Items from a data source:
######

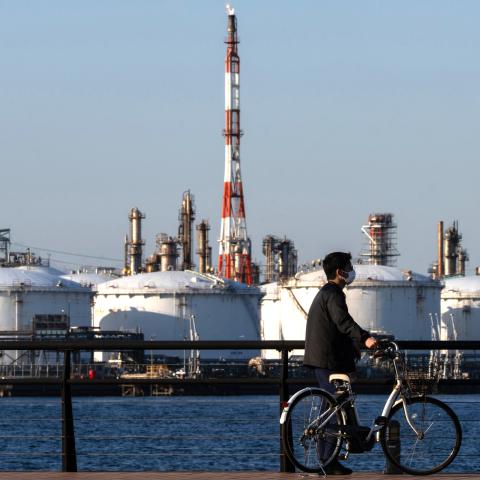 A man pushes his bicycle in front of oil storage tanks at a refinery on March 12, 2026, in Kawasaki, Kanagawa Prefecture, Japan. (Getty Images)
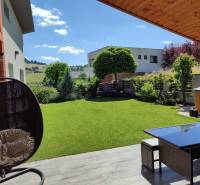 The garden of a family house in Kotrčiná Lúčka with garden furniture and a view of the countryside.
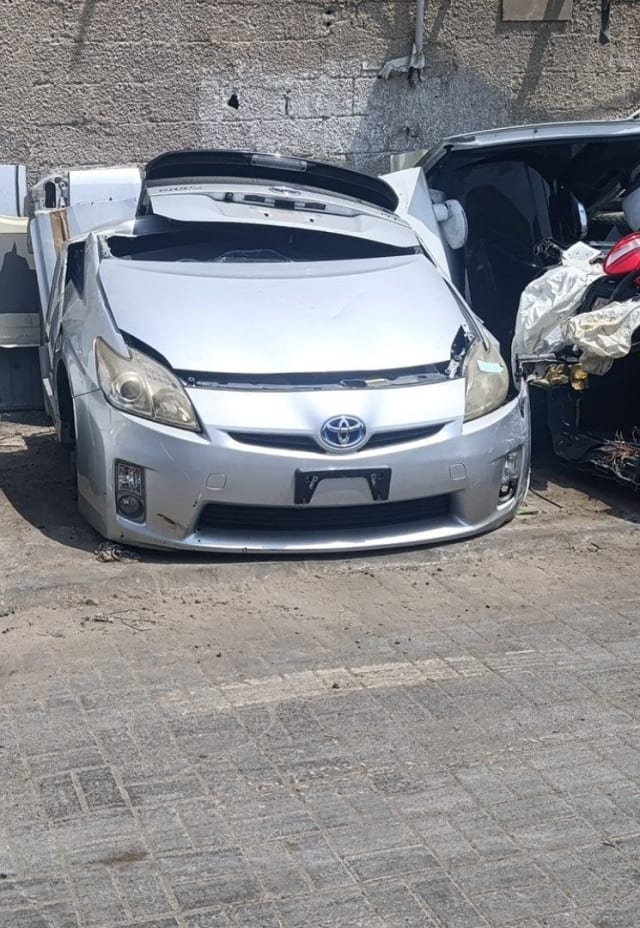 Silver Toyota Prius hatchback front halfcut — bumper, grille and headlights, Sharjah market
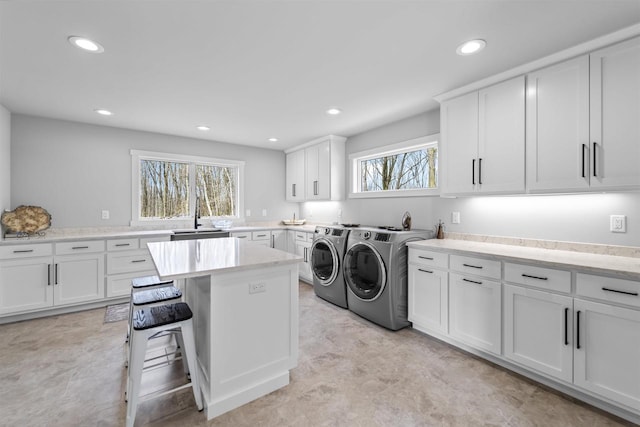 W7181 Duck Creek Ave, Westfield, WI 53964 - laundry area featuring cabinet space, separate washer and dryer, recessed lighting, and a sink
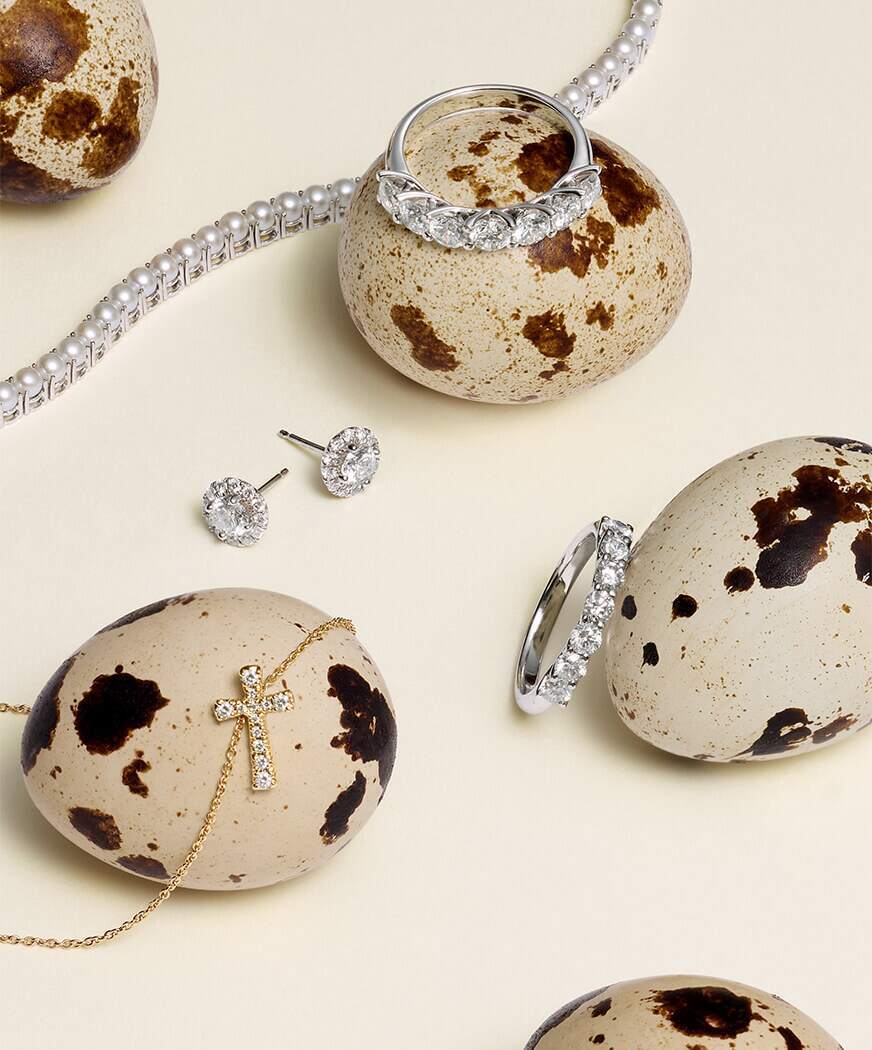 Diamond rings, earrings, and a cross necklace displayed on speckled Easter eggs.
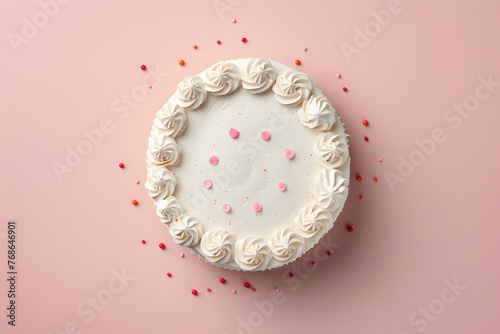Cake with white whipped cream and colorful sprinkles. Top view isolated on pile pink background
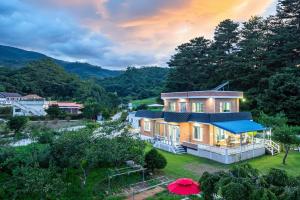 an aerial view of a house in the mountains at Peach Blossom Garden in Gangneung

######

Aim of the task -> Retype exactly the lines from the one containing "Cake with white" through the last line of the records above, both included, and leave out any pictures.

Expected answer ->
Cake with white whipped cream and colorful sprinkles. Top view isolated on pile pink background
 an aerial view of a house in the mountains at Peach Blossom Garden in Gangneung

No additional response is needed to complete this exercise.